The U.S. has previously used a Guantánamo Bay camp to detain certain migrants, but Trump’s use is different, immigration experts said.
On Jan. 29, Trump signed a memo directing the departments of Defense and Homeland Security to expand the Migrant Operations Center at Guantánamo Bay to "provide additional detention space for high-priority criminal aliens unlawfully present in the United States."
The administration has provided conflicting information about where migrants will be held within Guantánamo Bay, for how long and under what conditions.
Based on available information, there are key differences between the naval center’s previous immigration operations and the Trump administration’s approach:
Historically, the U.S. has used Guantánamo Bay to hold migrants stopped at sea. Now, Trump is sending people who were detained on U.S. soil.

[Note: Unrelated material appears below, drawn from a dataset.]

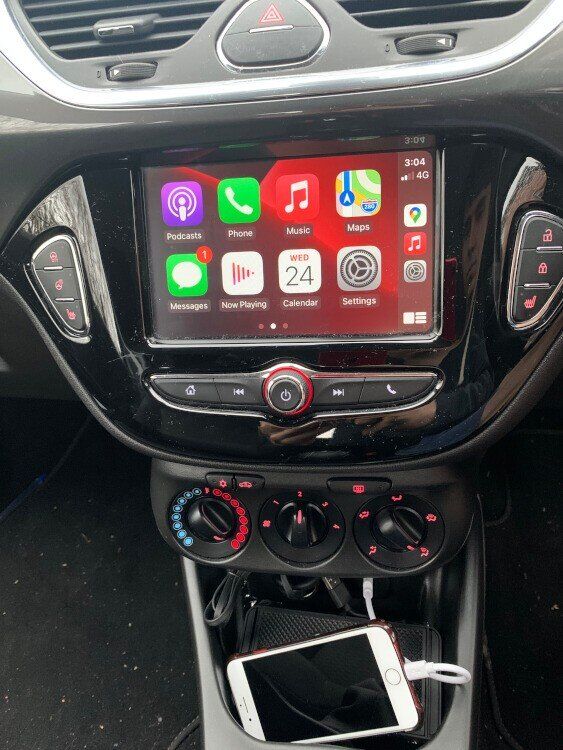 Apple CarPlay Home Screen With iPhone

Previously, migrants were held at the Migrant Operations Center, a different part of the base from the prisons where terrorism suspects are detained. The first group of migrants that arrived at Guantánamo Bay under Trump are detained in the prisons where terrorism suspects were held.

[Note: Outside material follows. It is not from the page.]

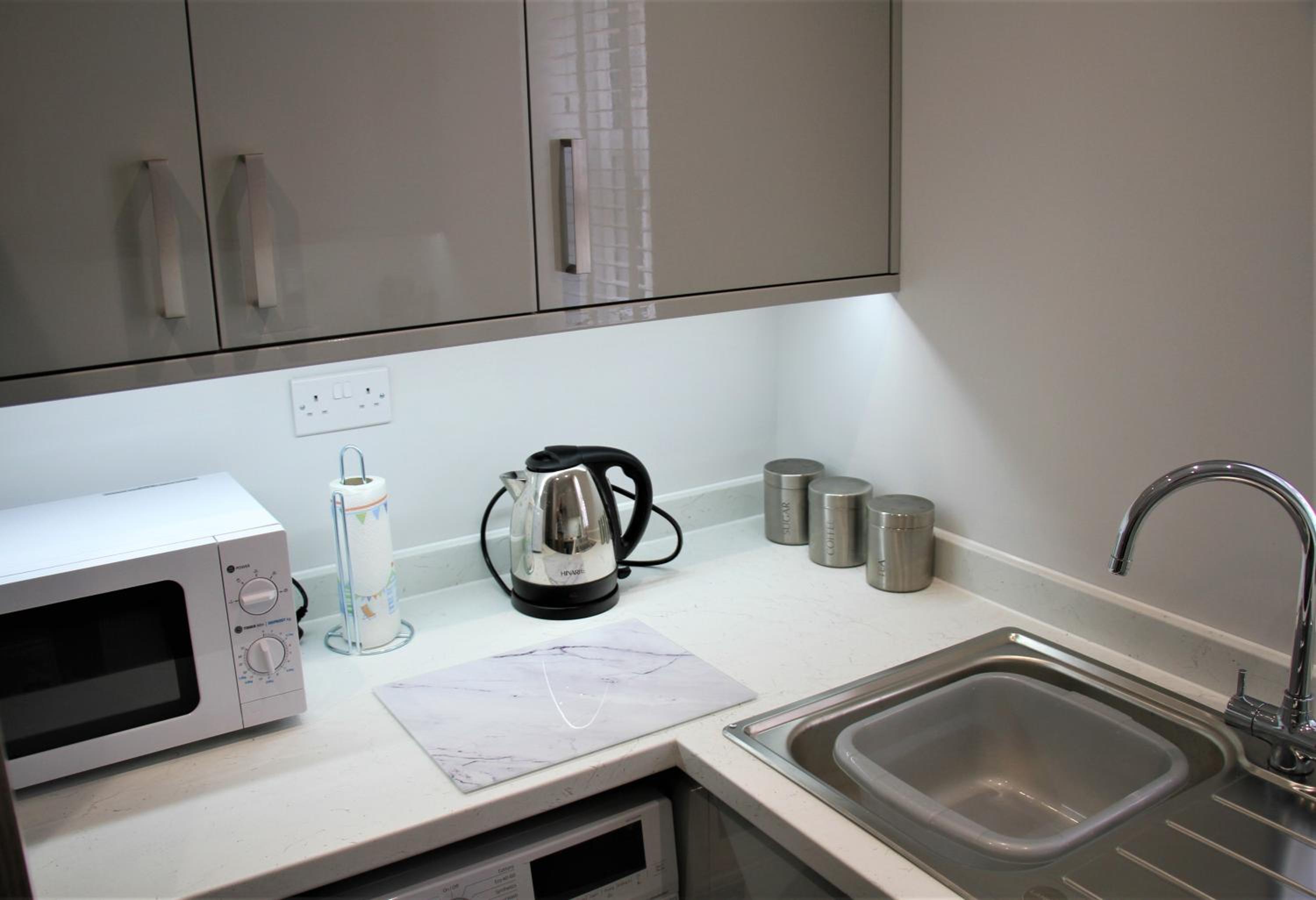 Two-Bedroom Apartment - Photo 25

In recent years, the Migrant Operations Center has held few migrants and had limited capacity. Trump says he plans to detain 30,000 people. That many people haven’t been detained at Guantánamo Bay since the 1990s.
Haitian refugees are lined up in cots Dec. 5, 1991, in the McCalla hangar in Guantánamo Bay Naval Base. (AP)

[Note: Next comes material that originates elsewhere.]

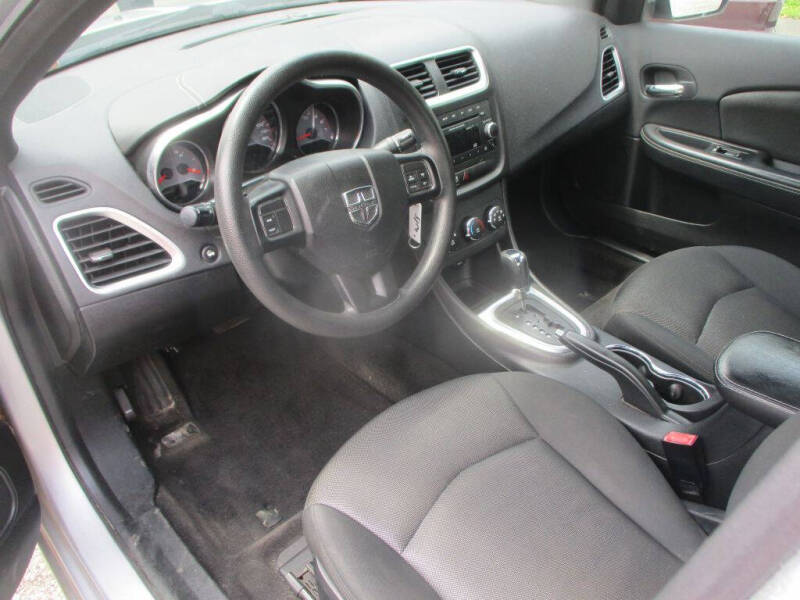 2012 Dodge Avenger SE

The Guantánamo Bay naval base is better known as a high-security prison for foreign terrorism suspects following the Sept. 11, 2001, terrorist attacks. But about a decade before, the U.S. used a section of it as a migrant detention center.
In the early 1990s, the U.S. Coast Guard held Haitians and Cubans intercepted at sea at Guantánamo Bay. In September 1994, 12,000 Haitians and 33,000 Cubans were held in Guantánamo Bay’s Migrant Operations Center, the Congressional Research Service found. People were held in tentlike structures surrounded by razor wire.
People held in Guantánamo Bay did not have access to lawyers to help them apply for asylum, Yale Law professor Harold Koh told PBS News in 2017. Koh sued the U.S. government over its treatment of Haitians in Guantánamo Bay.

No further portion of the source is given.